I thought of this the other day, but I didn’t want to harsh anyone’s mellow this holiday season, since there are lots of folks I know who genuinely love the holidays, especially Christmas, and I respect that.
But it occurred to me how the mythology surrounding Christmas, at least the American conception of it, kind of encapsulates us as a nation in a less-than-entirely flattering way.
Think about it. The Christmas myth is, essentially, that if you behave yourself and do as you’re told by authority while being surreptitiously surveilled by an invisible judge given to binary distinctions (you’re either on the nice list, or the naughty list), you’ll be rewarded with material goods.

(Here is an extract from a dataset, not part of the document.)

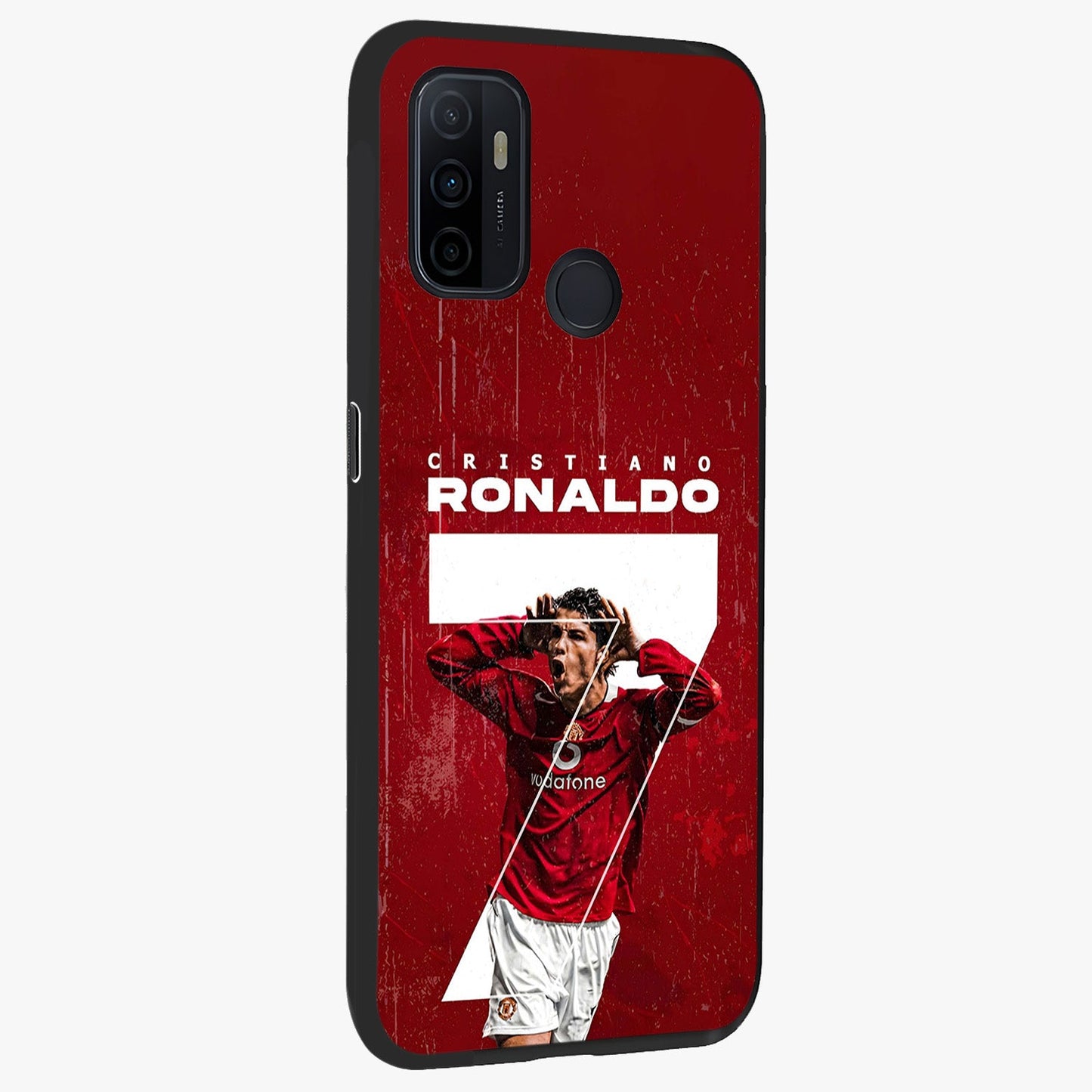 Goal Celebration Legacy Glass Case upright view showcasing dynamic football inspired artwork with victory celebration aesthetic.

If you don’t behave, bam! Coal in your stocking (which does at least beat having Krampus). Or fewer presents. Or none.
The worst thing is that the kids who actually receive this punishment aren’t necessarily misbehavers: they’re just poor. The mythology connects material prosperity with virtue and obedience to authority. I don’t mean to take too jaundiced a view of the whole thing, but it’s a hell of a thing to teach little kids, never mind that it sets them up for the inevitable disappointment of learning that Santa Claus is actually just their parents, and that the volume of material love under the Christmas tree has more to do with their parents’ wealth than anyone’s virtue or behavior.
Every year there’s noise made about a War on Christmas, and as far as I can tell, the folks making the noise think the war is on the Christ part. Maybe for some folks it is. For my own part, I’m pretty down with JC. But if we wanted to declare war on the crass materialism that we’ve come to celebrate alongside his birthday party, I’d be inclined to join up.